Now you can retrieve the job specification, which is the property list you need to submit batch jobs:




drew pbook: xgrid -job specification -id 8
{
    jobSpecification = {
        applicationIdentifier = "com.apple.xgrid.cli"; 
        inputFiles = {}; 
        name = "/usr/bin/cal"; 
        submissionIdentifier = abc; 
        taskSpecifications = {
            0 = {arguments = (3, 2005); 
                 command = "/usr/bin/cal"; }; 
        }; 
    }; 
}

The best approach is to pipe the output of this command to file and edit it, either with your favorite text editor, or with Apple's Property List Editor (in /Developer/Applications/Utilities). The following command will dump the property list to the file batch.plist:


drew pbook: xgrid -job specification -id 8 > batch.plist

Once you have the property list, you can add new tasks to it. Here is an example with three separate tasks:


{
    jobSpecification = {
        applicationIdentifier = "com.apple.xgrid.cli";
        inputFiles = {};
        name = "Sleepy Calendar";
        submissionIdentifier = abc;
        taskSpecifications = {
            0 = {arguments = (3, 2005); command = "/usr/bin/cal";};
            1 = {arguments = (20); command = "/bin/sleep";};
            "hi" = {arguments = ("Hi Mom!"); command = "/bin/echo";};
            };
    };
}

The three tasks are:

  1. The cal command from earlier, which prints a calendar for March 2005.
  2. A sleep command that simply waits 20 seconds before exiting.
  3. An echo command that prints "Hi Mom!" and exits.
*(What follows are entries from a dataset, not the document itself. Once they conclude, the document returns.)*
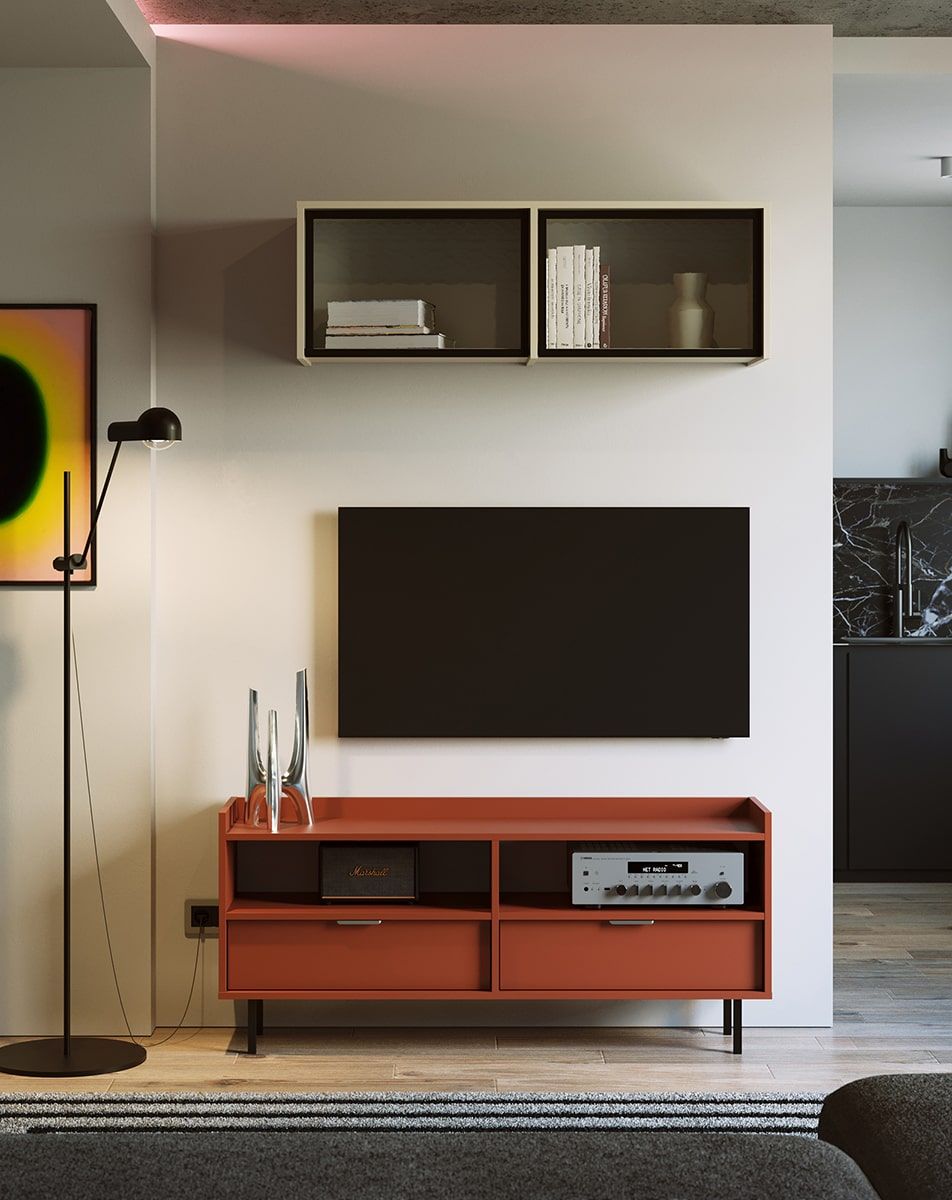 RTV-Schrank SIGI S2TV5
Farbe: Feuriges Terrakotta
Bein: Schwarz
Griff: LING Silber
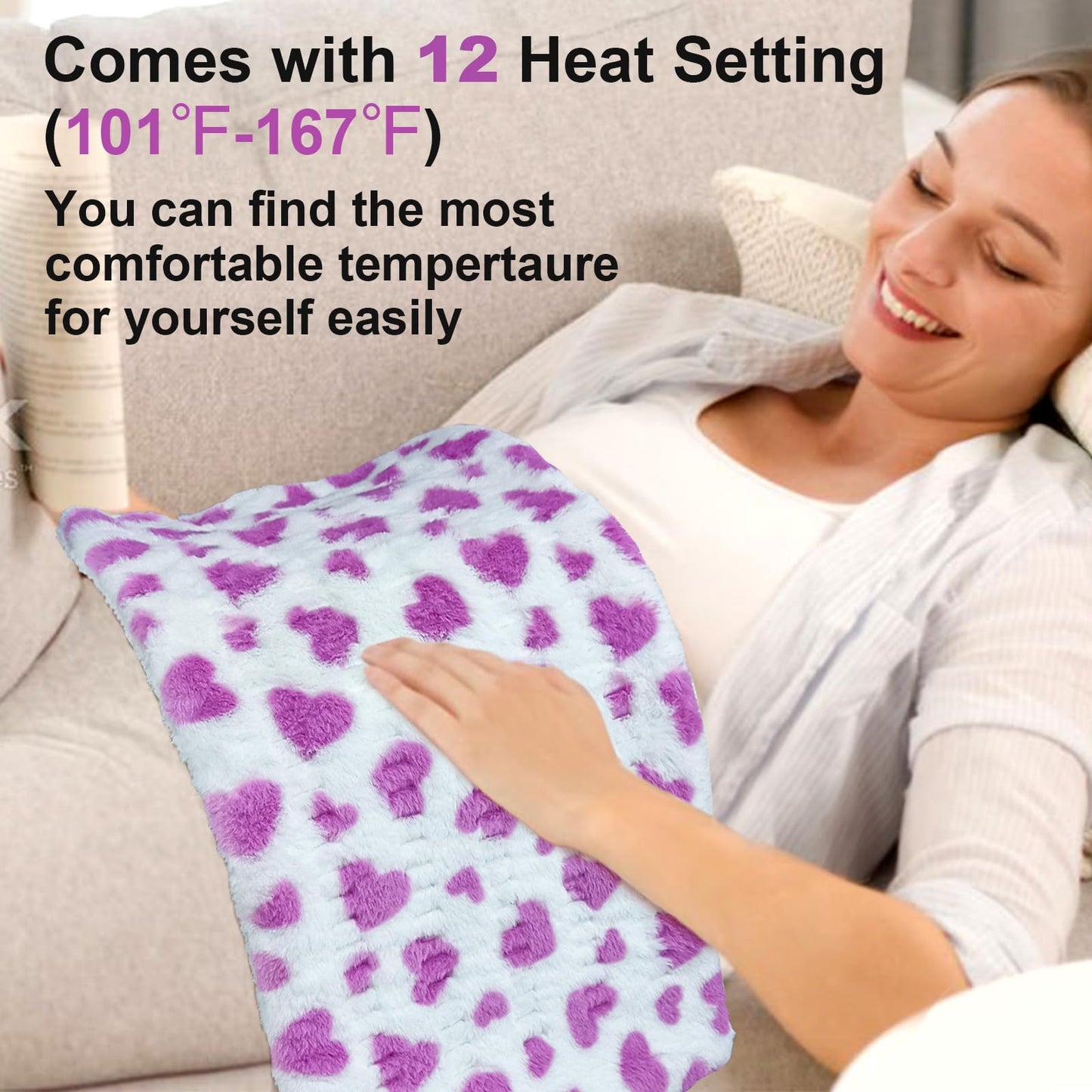 ZXU Heating Pad for Back Pain Relief, Ultra Soft Sherpa Heating Pad for Cramps Relief with 12 Heat Setting, Moist Heat Option, and Auto Shut Off Function Hot Heated Pad (Pink,Heart Pattern)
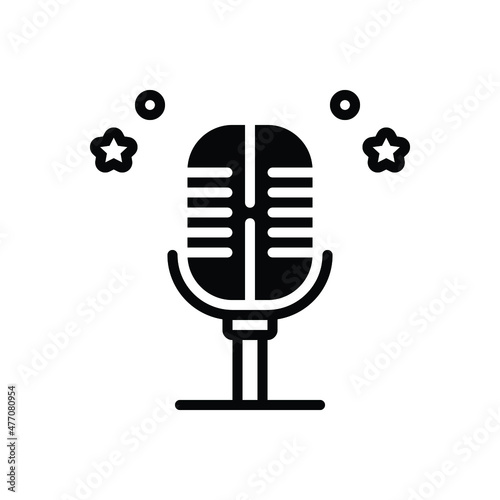Black solid icon for mic podcast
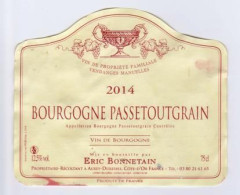 Etiquette " BOURGOGNE PASSETOUTGRAIN 2014 " Eric Bonnetain Propriétaire-Récoltant Auxey-Duresses (2434)_ev184 - Bourgogne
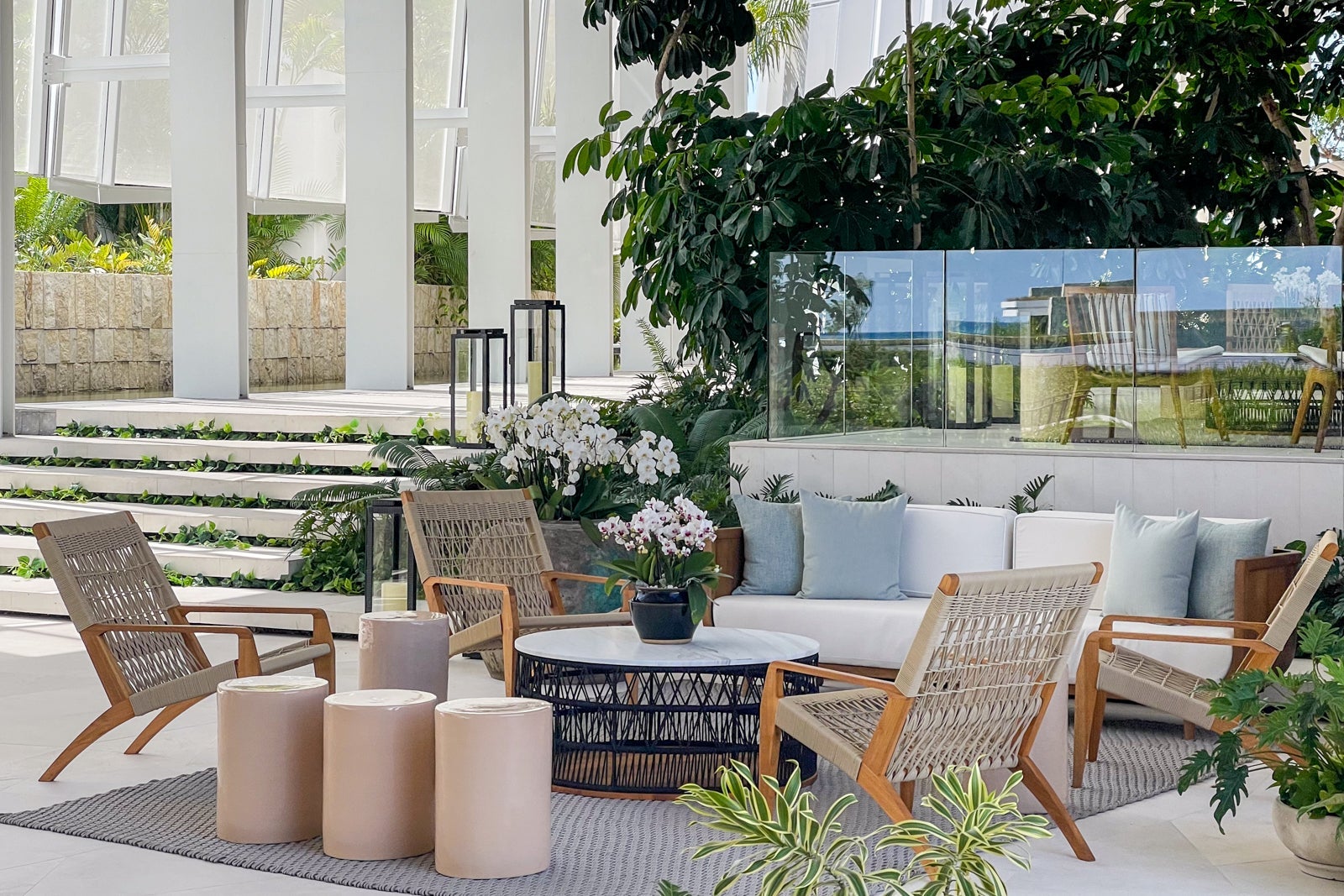 Outdoor seating accessible via ramp or stairs. The St. Regis Kanai Resort, Riviera Maya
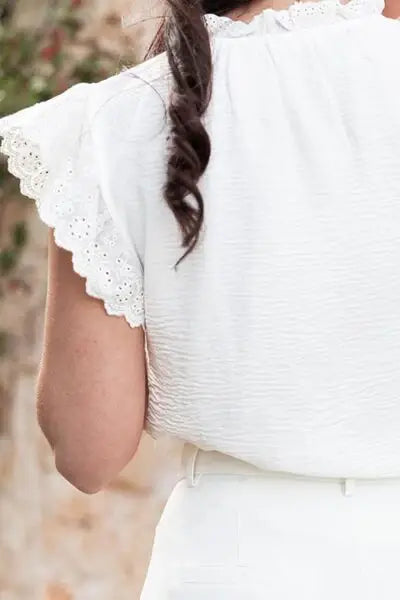 Ruffled Tie Neck Cap Sleeve Blouse - Trendsi - Flyclothing LLC
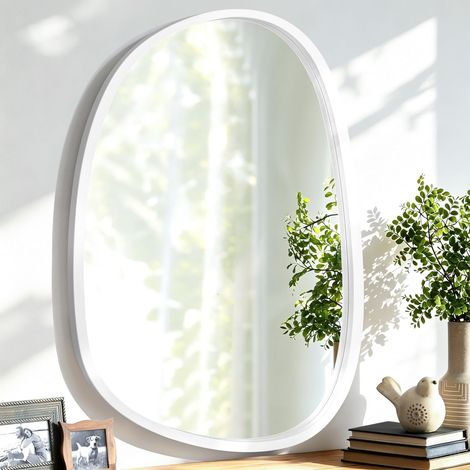 Miroir Asymétrique en Bois - Miroir Blanc Ovale Irrégulier Moderne pour Salle de Bain, Salon, Chambre, Entrée et Hallway - Suspendu - 40x30cm Blanc (1/5)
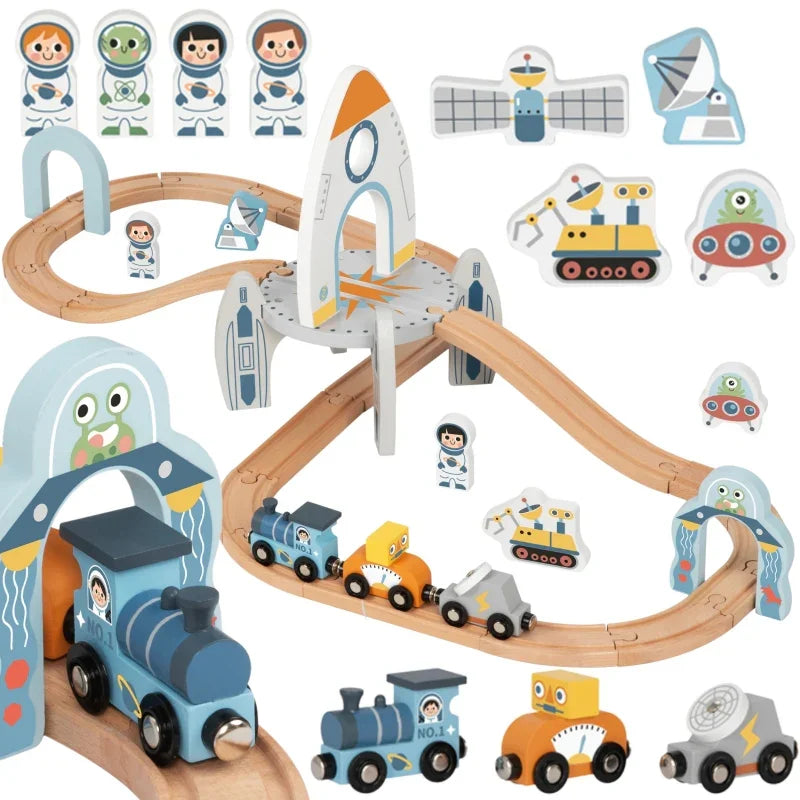 TOOKY TOY Drewniana Kolejka Kosmiczna Zestaw Tory - zabawki-dla-dziewczynki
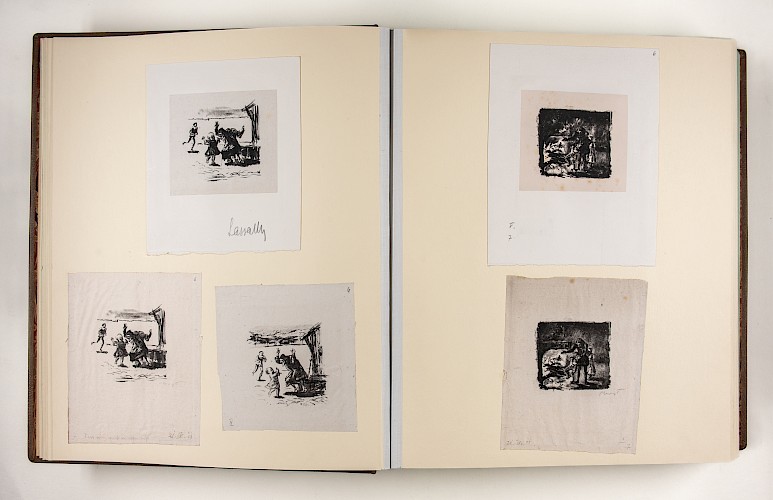 Benvenuto Cellini, Blindband der Buchausgabe mit eingeklebten Lithografien und Notizen zu den Zuständen, 1913, Pinsellithografien, GDKE, Landesmuseum Mainz, Inv. Nr. DL SL NL 2022/25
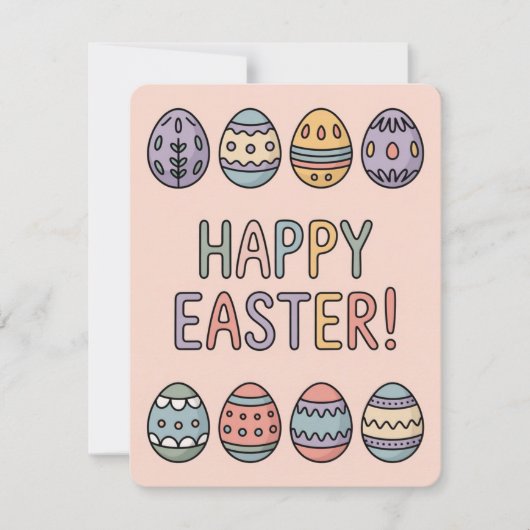 Cute Pastel Easter Eggs Spring Holiday Card シーズンカード (正面)
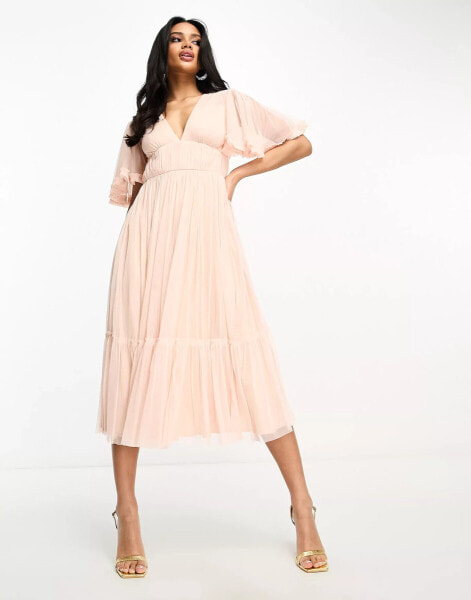 Beauut Bridesmaid tulle midi dress with flutter sleeve in blush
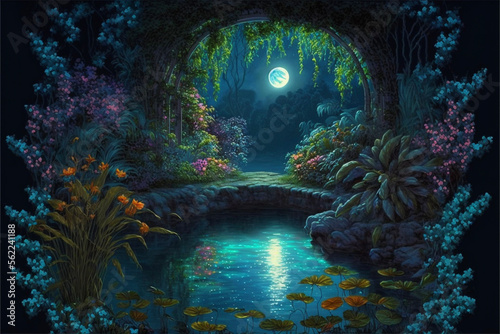 Lush Secret Garden at Night with Full Moon Reflecting in Water Generative AI  © Kelly Cree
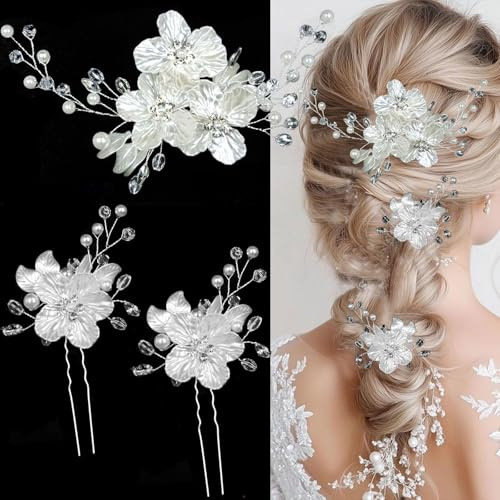 VelvetGlow 3 piezas de pasadores grandes con flores para novia, bodas, accesorios de pelo con cristal y perla, adornos para el cabello de novia con strass, brillo en relieve flor blanca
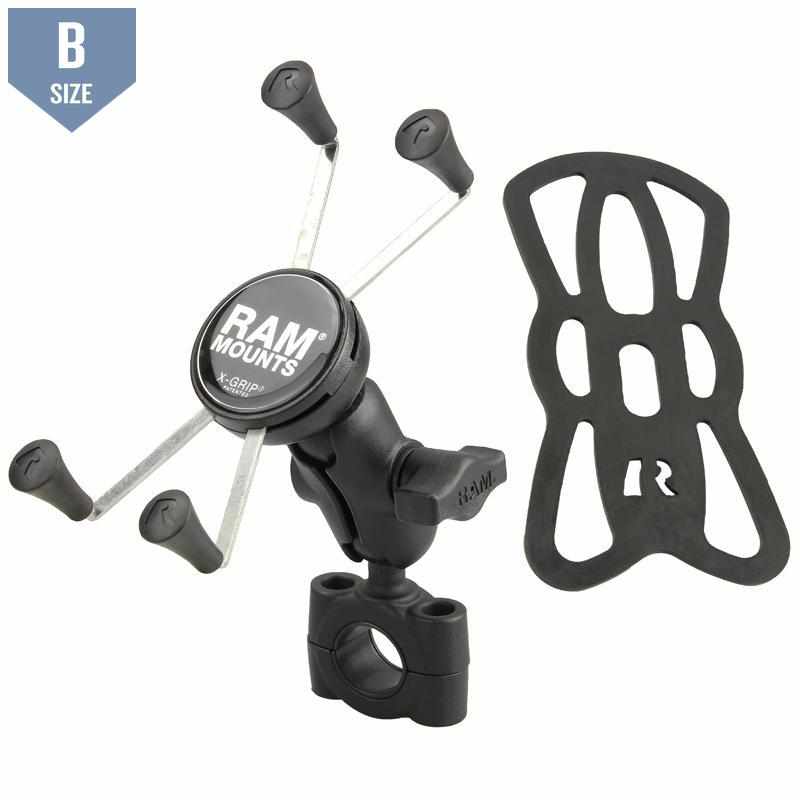 RAM 3/4" - 1" Handlebar Mount UN10 X-Grip (RAM-B-408-75-1-A-UN10) - Modest Mounts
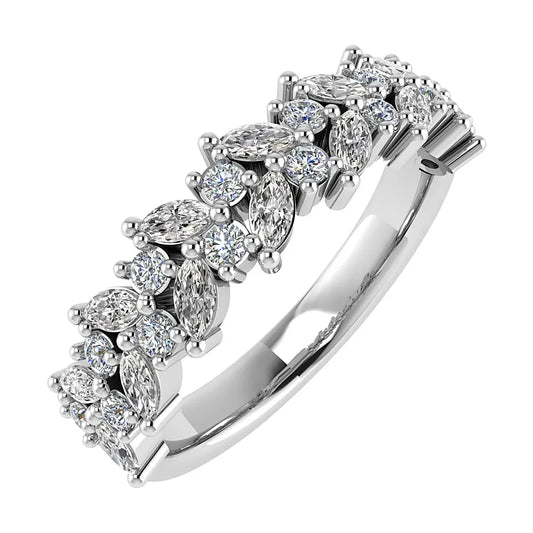 Marquise And Round Platinum Lab Grown Multi Stone Diamond Ring My Store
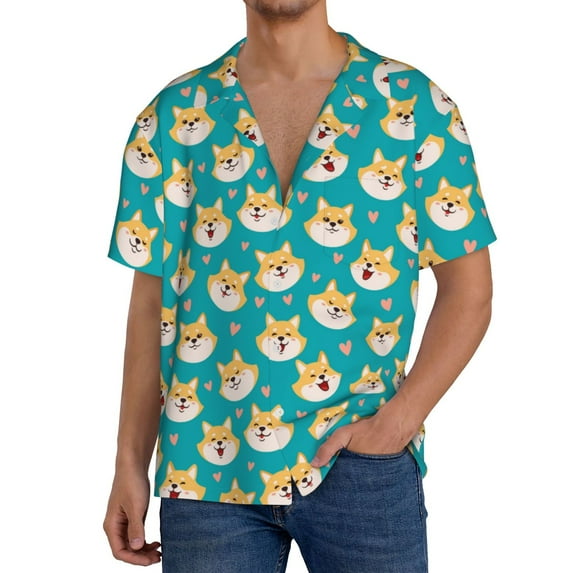 Rateoe Cute Shiba1 Pattern Men's Short Sleeve Classic Shirt, Casual Short-Sleeved Shirt, Lightweight Summer Shirt, Cuban Collar Shirt,Button-Front Shirt-3X-Large
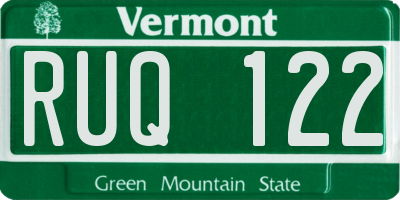 VT license plate RUQ122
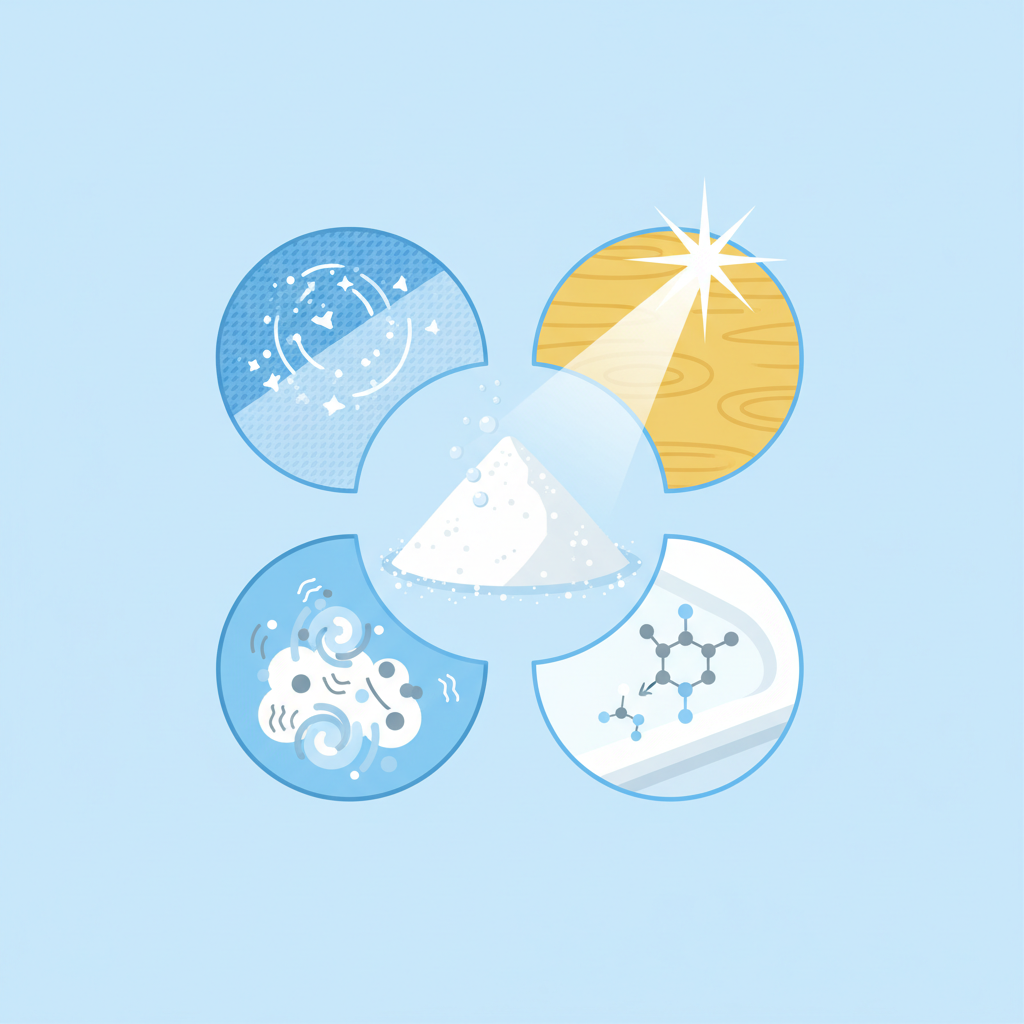 A dynamic, infographic-style illustration depicting the multi-faceted action of baking soda against stains. In the center, a pile of baking soda powder is shown with subtle effervescence. Around it, visual representations of its properties radiate outwards: tiny abrasive particles gently scrubbing a stylized surface, molecules symbolizing odor absorption, a bright light beam for brightening, and a chemical breakdown of fat molecules. The overall impression should be clean, scientific, and highlight the powder's versatility on various stylized materials like fabric weave, wood grain, and smooth plastic. Use a clean, modern color palette with blues, whites, and light grays.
Each command is provided in the dictionary corresponding to the key taskSpecifications. Each task has an arbitrary identifier; you can use simple indexes like 0 and 1, or more meaningful keys like the string "hi"; it's up to you. The attributes of each task are given in a dictionary, which include entries for the command itself, and the arguments that should be passed to it.

To run the batch job, you simply use the -job option with the batch keyword.


drew pbook: xgrid -job batch batch.plist
{jobIdentifier = 10; }

Now would be a good time to take a look at the Xgrid Admin tool; you should be able to see the CPU power meter in the Overview tab spring into action, and the new Sleepy Calendar job appear in the table view of the Jobs tab (no relation to everyone's favorite iCEO). A progress bar will tell you when all tasks are complete, which shouldn't take much longer than 20 seconds.

Retrieving the results of a batch job is no different to nonbatch jobs:


drew pbook: xgrid -job results -id 10
     March 2005
 S  M Tu  W Th  F  S
       1  2  3  4  5
 6  7  8  9 10 11 12
13 14 15 16 17 18 19
20 21 22 23 24 25 26
27 28 29 30 31

Hi Mom!

Results are returned for each task in order, beginning with the output of the cal command, and ending with echo's greeting.